Queda do salário real dos trabalhadores argentinos chega a 16% com crise econômica

Segundo pesquisa, o ramo da construção civil é o mais afetado após acordo com do presidente Mauricio Macri com o FMI

Pelo acordo entre governo argentino e FMI, que vai até junho de 2020, será liberado um total de US$ 50 bilhões ao país / Site Oficial Mauriciomacri.com.ar

De acordo com dados divulgados nessa quarta-feira (19) pelo programa de Capacitação e Estudos sobre Trabalho e Desenvolvimento (Cetyd) da Universidade de San Martín, o poder de compra dos trabalhadores da Argentina sofrerá uma queda entre 7% e 16% até o final de 2018.

Segundo os especialistas do Cetyd, os trabalhadores do ramo da construção civil serão os mais afetados, podendo ter seu salário real diminuído em 16%. Um dos motivos seria a interrupção da construção de obras públicas previsto no acordo financeiro com o FMI, afirma o núcleo de estudos.

Os empregados do setor público, alimentação, têxteis e de segurança privada vem logo em seguida, podendo chegar a 15% de diminuição de seu poder aquisitivo.

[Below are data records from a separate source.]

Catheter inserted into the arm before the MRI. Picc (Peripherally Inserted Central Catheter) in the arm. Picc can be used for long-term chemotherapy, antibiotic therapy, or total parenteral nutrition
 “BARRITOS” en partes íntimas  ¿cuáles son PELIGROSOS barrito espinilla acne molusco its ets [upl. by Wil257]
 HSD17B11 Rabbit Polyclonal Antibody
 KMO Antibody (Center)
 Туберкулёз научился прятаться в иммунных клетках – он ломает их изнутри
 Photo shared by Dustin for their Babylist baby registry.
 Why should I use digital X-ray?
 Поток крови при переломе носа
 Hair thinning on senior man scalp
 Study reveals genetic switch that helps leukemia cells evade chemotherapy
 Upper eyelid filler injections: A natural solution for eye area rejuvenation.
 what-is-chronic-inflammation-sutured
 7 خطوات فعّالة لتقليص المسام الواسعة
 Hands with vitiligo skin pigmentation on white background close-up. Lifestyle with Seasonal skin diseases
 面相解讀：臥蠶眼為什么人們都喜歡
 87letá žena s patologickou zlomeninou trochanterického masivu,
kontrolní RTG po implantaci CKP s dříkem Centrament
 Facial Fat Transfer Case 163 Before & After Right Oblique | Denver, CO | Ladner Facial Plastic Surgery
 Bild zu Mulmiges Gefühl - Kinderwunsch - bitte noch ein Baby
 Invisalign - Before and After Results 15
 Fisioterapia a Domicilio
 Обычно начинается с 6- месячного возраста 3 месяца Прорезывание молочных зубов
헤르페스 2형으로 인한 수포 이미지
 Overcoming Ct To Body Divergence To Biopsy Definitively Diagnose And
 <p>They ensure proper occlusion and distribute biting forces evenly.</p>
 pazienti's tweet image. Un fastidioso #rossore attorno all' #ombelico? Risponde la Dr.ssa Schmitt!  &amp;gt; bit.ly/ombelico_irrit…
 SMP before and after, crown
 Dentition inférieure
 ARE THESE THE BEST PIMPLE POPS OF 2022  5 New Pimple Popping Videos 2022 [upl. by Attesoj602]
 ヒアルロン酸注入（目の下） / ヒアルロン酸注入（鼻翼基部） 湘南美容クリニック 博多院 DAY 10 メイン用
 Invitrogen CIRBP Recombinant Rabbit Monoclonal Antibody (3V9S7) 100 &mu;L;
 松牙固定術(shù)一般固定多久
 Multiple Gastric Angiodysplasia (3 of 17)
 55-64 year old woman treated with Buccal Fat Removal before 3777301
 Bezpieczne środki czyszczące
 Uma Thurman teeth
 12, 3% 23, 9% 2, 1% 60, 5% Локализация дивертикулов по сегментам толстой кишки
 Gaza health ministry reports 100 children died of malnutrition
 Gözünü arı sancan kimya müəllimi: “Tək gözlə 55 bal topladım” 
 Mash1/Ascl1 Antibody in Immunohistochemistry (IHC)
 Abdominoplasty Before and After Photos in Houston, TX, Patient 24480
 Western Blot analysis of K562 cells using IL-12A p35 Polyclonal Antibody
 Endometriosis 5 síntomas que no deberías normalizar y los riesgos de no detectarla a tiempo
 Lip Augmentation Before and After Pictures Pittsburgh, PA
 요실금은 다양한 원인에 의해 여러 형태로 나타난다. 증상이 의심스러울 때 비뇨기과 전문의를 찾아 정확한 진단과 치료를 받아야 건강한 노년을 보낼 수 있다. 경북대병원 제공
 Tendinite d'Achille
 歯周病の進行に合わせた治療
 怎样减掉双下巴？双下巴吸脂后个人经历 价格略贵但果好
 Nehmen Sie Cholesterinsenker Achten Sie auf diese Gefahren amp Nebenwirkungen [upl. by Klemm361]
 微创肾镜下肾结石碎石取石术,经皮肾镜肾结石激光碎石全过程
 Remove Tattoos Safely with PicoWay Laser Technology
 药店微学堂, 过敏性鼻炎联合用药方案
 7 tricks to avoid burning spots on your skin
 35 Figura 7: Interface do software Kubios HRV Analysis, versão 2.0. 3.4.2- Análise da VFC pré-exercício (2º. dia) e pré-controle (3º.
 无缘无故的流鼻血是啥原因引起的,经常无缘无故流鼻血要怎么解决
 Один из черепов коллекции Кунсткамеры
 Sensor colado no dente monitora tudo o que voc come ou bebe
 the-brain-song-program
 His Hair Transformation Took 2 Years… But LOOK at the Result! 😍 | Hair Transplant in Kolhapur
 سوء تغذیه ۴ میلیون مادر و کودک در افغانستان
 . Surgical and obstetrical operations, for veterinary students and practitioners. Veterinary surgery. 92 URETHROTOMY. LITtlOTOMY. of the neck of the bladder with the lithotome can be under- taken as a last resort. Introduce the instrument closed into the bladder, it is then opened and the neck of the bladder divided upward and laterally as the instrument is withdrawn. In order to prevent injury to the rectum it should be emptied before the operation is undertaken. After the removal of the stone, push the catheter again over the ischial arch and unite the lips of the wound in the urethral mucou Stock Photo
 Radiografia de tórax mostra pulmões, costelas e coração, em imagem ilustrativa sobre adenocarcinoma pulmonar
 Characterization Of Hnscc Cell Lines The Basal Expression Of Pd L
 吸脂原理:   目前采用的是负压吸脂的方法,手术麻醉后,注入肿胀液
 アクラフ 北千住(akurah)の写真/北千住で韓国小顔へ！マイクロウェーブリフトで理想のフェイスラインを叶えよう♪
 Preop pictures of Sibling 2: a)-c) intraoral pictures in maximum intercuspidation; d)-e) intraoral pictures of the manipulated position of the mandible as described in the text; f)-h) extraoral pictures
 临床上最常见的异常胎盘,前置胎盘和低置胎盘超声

Para o Cetyd, "uma contração importante no poder aquisitivo da massa salarial não afetará apenas as condições de vida dos trabalhadores e suas famílias, mas também provocará graves consequências para uma parte significativa de empresas cujo nível de produção depende diretamente do consumo interno".

Crescimento

O PIB da Argentina recuou 4,2% no segundo trimestre de 2018 em relação com o mesmo período do anos passado, divulgou nessa quarta-feira (19) o Instituto Nacional de Estatísticas e Censos (Indec) do país. De acordo com o órgão oficial argentino de estatísticas, em comparação com o primeiro trimestre de 2018, o índice recuou 4%.

Segundo o Indec, o PIB do país havia avançado 3,9% nos primeiros três meses deste ano, contando uma porcentagem semelhante ao quarto trimestre de 2017.

A Argentina atravessa uma crise econômica e, segundo dados do próprio Banco Central da Argentina (BCRA), o dólar se valorizou quase 100% em um ano. .

No final de agosto, o governo de Maurício Macri pediu um auxílio financeiro ao FMI e elevou a taxa de juros do país 45% para 60% ao ano. 

OCDE

A Organização para Cooperação e Desenvolvimento Econômico (OCDE) divulgou nessa quinta-feira (20) um relatório sobre as perspectivas de crescimento da economia mundial para os anos de 2018 e 2019. Segundo a organização, o pior índice registrado foi o da Argentina, com um retrocesso de 1,9% no índice de crescimento econômico.

Para 2019, a OCDE, que havia previsto em maio deste ano um crescimento de 2,5% para o país no próximo ano, estima que a economia argentina crescerá apenas 0,1%.